◆ **Assignment**:
Return the number of lines below with "Glenn" in them, and nothing else.

◆ **Data listing**:
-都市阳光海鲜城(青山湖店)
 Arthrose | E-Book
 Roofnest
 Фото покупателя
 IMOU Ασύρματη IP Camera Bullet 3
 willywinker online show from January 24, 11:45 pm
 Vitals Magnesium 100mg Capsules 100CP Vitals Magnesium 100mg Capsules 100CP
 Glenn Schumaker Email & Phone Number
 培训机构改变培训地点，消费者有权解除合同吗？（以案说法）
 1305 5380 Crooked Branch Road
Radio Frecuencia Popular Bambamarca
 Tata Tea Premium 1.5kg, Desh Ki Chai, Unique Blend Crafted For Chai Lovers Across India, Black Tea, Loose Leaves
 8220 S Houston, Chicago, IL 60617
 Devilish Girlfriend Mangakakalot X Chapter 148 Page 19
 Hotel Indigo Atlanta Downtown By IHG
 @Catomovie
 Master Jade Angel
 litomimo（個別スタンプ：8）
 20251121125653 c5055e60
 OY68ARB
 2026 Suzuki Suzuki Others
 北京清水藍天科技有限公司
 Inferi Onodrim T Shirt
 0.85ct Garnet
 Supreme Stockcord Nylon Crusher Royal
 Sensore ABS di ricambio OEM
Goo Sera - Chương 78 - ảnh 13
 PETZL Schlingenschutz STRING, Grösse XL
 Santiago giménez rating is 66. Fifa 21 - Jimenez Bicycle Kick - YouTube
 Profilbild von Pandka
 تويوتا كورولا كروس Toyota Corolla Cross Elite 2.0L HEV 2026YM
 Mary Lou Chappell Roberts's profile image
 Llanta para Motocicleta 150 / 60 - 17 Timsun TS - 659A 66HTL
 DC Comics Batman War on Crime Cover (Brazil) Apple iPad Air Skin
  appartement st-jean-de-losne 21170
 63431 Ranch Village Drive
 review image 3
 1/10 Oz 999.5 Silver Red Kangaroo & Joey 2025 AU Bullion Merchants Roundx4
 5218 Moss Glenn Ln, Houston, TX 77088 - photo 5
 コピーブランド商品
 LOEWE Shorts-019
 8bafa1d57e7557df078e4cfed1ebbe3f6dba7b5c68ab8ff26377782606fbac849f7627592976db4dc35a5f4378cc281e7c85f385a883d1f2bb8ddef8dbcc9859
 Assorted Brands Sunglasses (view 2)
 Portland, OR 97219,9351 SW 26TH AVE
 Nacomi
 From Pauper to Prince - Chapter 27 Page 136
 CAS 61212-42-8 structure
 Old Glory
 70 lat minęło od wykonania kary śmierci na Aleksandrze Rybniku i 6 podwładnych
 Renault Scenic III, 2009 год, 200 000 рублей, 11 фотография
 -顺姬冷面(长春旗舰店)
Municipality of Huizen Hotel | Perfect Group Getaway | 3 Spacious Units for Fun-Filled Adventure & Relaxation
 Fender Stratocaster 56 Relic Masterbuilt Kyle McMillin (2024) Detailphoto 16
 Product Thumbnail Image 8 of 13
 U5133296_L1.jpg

◆ **Response below**:
2